* WHAT NEEDS TO BE DONE: Without changing a single character, write out every record below.

*** DATA ***

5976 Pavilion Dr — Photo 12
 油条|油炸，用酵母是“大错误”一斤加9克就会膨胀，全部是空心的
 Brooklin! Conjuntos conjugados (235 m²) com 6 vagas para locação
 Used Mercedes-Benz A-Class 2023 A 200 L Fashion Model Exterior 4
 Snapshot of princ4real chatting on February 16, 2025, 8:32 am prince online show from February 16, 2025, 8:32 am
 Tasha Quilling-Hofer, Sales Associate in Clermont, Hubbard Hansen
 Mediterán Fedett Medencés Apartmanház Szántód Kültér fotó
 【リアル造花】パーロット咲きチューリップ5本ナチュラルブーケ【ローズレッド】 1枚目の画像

***

* REPLY:
5976 Pavilion Dr — Photo 12
 油条|油炸，用酵母是“大错误”一斤加9克就会膨胀，全部是空心的
 Brooklin! Conjuntos conjugados (235 m²) com 6 vagas para locação
 Used Mercedes-Benz A-Class 2023 A 200 L Fashion Model Exterior 4
 Snapshot of princ4real chatting on February 16, 2025, 8:32 am prince online show from February 16, 2025, 8:32 am
 Tasha Quilling-Hofer, Sales Associate in Clermont, Hubbard Hansen
 Mediterán Fedett Medencés Apartmanház Szántód Kültér fotó
 【リアル造花】パーロット咲きチューリップ5本ナチュラルブーケ【ローズレッド】 1枚目の画像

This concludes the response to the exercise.